Helen Clark, UNDP Administrator
Speech
at the
IV Baku International Humanitarian Forum
Baku, Azerbaijan
 
It is my pleasure to represent United Nations Secretary-General Ban Ki-moon at this opening of the IV International Humanitarian Forum. At the outset, let me thank his Excellency, the President of Azerbaijan, Mr. Ilham Aliyev, for convening today’s Forum which provides an important opportunity for an exchange of ideas on a wide range of issues.
 
In my brief address today I would like to comment on UNDP’s work with Azerbaijan aimed at promoting human development, and on a number of the initiatives developed to that end here which are very innovative. As Azerbaijan steps up its South-South Co-operation, UNDP will be delighted to partner with the country in sharing its knowledge and expertise with others who are seeking solutions to challenges similar to those which Azerbaijan has been tackling.
 
Azerbaijan has been endowed with large reserves of valuable natural resources. History tells us, however, that while the extraction of such resources may significantly raise Gross Domestic Product per capita, it does not necessarily lift either government revenues or the level of human development. Translating natural resource wealth into wealth for the country and greater human development requires deliberate public policy decisions which will achieve those ends. Azerbaijan has made significant decisions in this respect.
 
In September 1994, Azerbaijan signed what has been called the `Contract of the Century’ - a “production-sharing agreement” with a consortium of foreign oil companies. From the profits of this initial agreement to develop the country’s Caspian oil reserves, Azerbaijan was to receive eighty per cent of the profits. [u1]
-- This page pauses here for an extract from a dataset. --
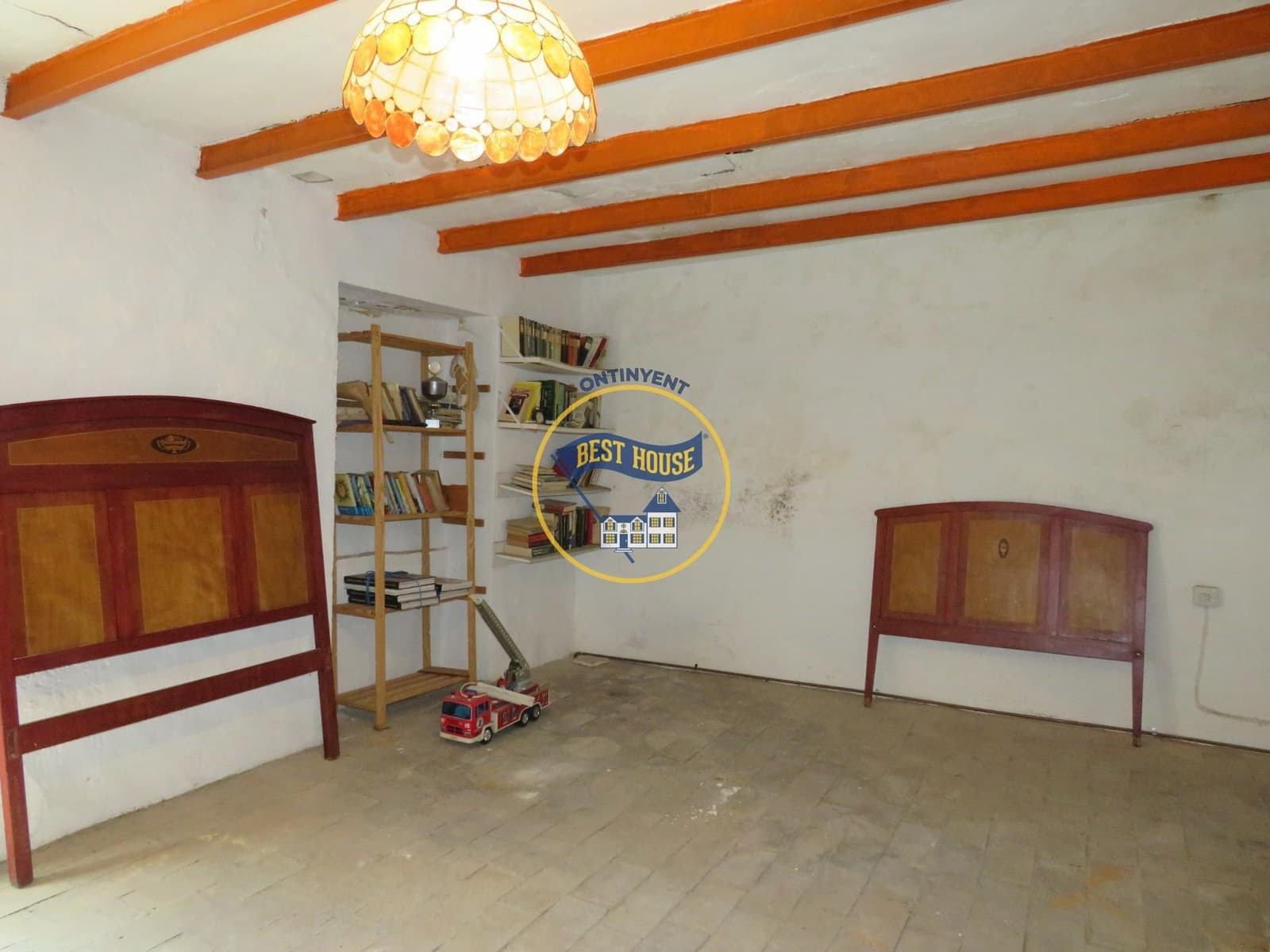 7 soveværelse Byhus til salg i Bocairent - € 57.000 (Ref: 7557391)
Let me take this opportunity to congratulate Azerbaijan and its partners on the twentieth anniversary  celebration of the Contract of the Century that took place here in Baku on 20 September. This was celebrated with the Southern Gas Corridor groundbreaking ceremony for the new pipeline which will bring Azerbaijani gas reserves all the way to Europe.
 
This Contract opened up major new opportunities for Azerbaijan’s development. As for other resource-rich countries, it was also a time for reflection – on how Azerbaijan’s wealth could contribute to lifting human development.
 
More than a decade ago, UNDP helped Azerbaijan shape the concept of turning its “Black Gold to Human Gold”. The initiative focused on developing an internationally competitive non-oil sector, and developing and strengthening the capacities of people. Over the years, Azerbaijan has seen a drastic reduction in the level of poverty, new investments in social services, the establishment of a social security system, and rising salaries.
 
 
The concept of “Black Gold to Human Gold” remains as relevant now as it was when it was launched. Continuing to lift human development will be critical for the achievement of Azerbaijan’s national development strategy, Vision 2020. At UNDP we are fully committed to supporting Azerbaijan in taking this vision forward.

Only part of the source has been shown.